(Information given)
────────────────
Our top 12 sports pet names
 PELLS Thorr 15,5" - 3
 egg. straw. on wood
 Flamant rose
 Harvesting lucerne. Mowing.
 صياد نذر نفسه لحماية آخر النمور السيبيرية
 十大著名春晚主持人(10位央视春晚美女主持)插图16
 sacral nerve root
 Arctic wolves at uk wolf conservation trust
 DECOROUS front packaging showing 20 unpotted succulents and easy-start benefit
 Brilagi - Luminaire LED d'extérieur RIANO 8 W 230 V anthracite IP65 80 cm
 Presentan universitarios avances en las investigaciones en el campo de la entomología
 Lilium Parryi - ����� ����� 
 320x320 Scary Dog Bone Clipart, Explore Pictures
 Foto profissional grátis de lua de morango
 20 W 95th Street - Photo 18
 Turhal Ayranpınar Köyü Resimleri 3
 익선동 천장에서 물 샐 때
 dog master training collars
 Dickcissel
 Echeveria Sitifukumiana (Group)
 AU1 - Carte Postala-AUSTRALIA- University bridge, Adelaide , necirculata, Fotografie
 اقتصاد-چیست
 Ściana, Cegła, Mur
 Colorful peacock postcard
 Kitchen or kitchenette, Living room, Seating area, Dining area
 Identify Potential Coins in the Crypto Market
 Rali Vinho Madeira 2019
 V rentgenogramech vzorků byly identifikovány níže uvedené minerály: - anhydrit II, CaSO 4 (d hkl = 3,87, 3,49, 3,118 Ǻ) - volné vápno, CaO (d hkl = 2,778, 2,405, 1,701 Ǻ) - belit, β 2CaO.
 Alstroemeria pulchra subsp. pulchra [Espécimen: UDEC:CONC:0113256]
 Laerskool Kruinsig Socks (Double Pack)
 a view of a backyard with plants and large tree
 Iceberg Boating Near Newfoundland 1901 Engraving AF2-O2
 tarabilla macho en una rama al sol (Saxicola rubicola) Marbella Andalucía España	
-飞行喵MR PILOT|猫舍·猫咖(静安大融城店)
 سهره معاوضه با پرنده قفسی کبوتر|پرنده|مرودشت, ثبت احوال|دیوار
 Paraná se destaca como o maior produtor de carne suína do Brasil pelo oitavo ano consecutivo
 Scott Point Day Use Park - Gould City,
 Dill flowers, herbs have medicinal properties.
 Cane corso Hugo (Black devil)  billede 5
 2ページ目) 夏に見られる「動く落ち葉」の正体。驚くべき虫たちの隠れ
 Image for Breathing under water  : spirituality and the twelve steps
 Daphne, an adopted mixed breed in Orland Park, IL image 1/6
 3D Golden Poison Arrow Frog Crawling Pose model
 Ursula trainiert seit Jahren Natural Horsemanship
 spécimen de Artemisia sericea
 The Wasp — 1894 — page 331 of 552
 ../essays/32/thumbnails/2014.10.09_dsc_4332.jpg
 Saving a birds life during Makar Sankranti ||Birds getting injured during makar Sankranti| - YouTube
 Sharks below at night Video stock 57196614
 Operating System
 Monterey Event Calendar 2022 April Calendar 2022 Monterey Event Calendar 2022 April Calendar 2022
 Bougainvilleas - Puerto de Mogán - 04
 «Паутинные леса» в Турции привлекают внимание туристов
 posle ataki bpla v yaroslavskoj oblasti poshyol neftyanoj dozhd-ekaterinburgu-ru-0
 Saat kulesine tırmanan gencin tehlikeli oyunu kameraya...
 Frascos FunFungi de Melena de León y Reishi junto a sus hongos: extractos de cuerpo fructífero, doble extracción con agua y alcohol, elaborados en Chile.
────────────────
(Exercise objective) The output should be a character-exact copy of all entries.

(Answer area)
Our top 12 sports pet names
 PELLS Thorr 15,5" - 3
 egg. straw. on wood
 Flamant rose
 Harvesting lucerne. Mowing.
 صياد نذر نفسه لحماية آخر النمور السيبيرية
 十大著名春晚主持人(10位央视春晚美女主持)插图16
 sacral nerve root
 Arctic wolves at uk wolf conservation trust
 DECOROUS front packaging showing 20 unpotted succulents and easy-start benefit
 Brilagi - Luminaire LED d'extérieur RIANO 8 W 230 V anthracite IP65 80 cm
 Presentan universitarios avances en las investigaciones en el campo de la entomología
 Lilium Parryi - ����� ����� 
 320x320 Scary Dog Bone Clipart, Explore Pictures
 Foto profissional grátis de lua de morango
 20 W 95th Street - Photo 18
 Turhal Ayranpınar Köyü Resimleri 3
 익선동 천장에서 물 샐 때
 dog master training collars
 Dickcissel
 Echeveria Sitifukumiana (Group)
 AU1 - Carte Postala-AUSTRALIA- University bridge, Adelaide , necirculata, Fotografie
 اقتصاد-چیست
 Ściana, Cegła, Mur
 Colorful peacock postcard
 Kitchen or kitchenette, Living room, Seating area, Dining area
 Identify Potential Coins in the Crypto Market
 Rali Vinho Madeira 2019
 V rentgenogramech vzorků byly identifikovány níže uvedené minerály: - anhydrit II, CaSO 4 (d hkl = 3,87, 3,49, 3,118 Ǻ) - volné vápno, CaO (d hkl = 2,778, 2,405, 1,701 Ǻ) - belit, β 2CaO.
 Alstroemeria pulchra subsp. pulchra [Espécimen: UDEC:CONC:0113256]
 Laerskool Kruinsig Socks (Double Pack)
 a view of a backyard with plants and large tree
 Iceberg Boating Near Newfoundland 1901 Engraving AF2-O2
 tarabilla macho en una rama al sol (Saxicola rubicola) Marbella Andalucía España	
-飞行喵MR PILOT|猫舍·猫咖(静安大融城店)
 سهره معاوضه با پرنده قفسی کبوتر|پرنده|مرودشت, ثبت احوال|دیوار
 Paraná se destaca como o maior produtor de carne suína do Brasil pelo oitavo ano consecutivo
 Scott Point Day Use Park - Gould City,
 Dill flowers, herbs have medicinal properties.
 Cane corso Hugo (Black devil)  billede 5
 2ページ目) 夏に見られる「動く落ち葉」の正体。驚くべき虫たちの隠れ
 Image for Breathing under water  : spirituality and the twelve steps
 Daphne, an adopted mixed breed in Orland Park, IL image 1/6
 3D Golden Poison Arrow Frog Crawling Pose model
 Ursula trainiert seit Jahren Natural Horsemanship
 spécimen de Artemisia sericea
 The Wasp — 1894 — page 331 of 552
 ../essays/32/thumbnails/2014.10.09_dsc_4332.jpg
 Saving a birds life during Makar Sankranti ||Birds getting injured during makar Sankranti| - YouTube
 Sharks below at night Video stock 57196614
 Operating System
 Monterey Event Calendar 2022 April Calendar 2022 Monterey Event Calendar 2022 April Calendar 2022
 Bougainvilleas - Puerto de Mogán - 04
 «Паутинные леса» в Турции привлекают внимание туристов
 posle ataki bpla v yaroslavskoj oblasti poshyol neftyanoj dozhd-ekaterinburgu-ru-0
 Saat kulesine tırmanan gencin tehlikeli oyunu kameraya...
 Frascos FunFungi de Melena de León y Reishi junto a sus hongos: extractos de cuerpo fructífero, doble extracción con agua y alcohol, elaborados en Chile.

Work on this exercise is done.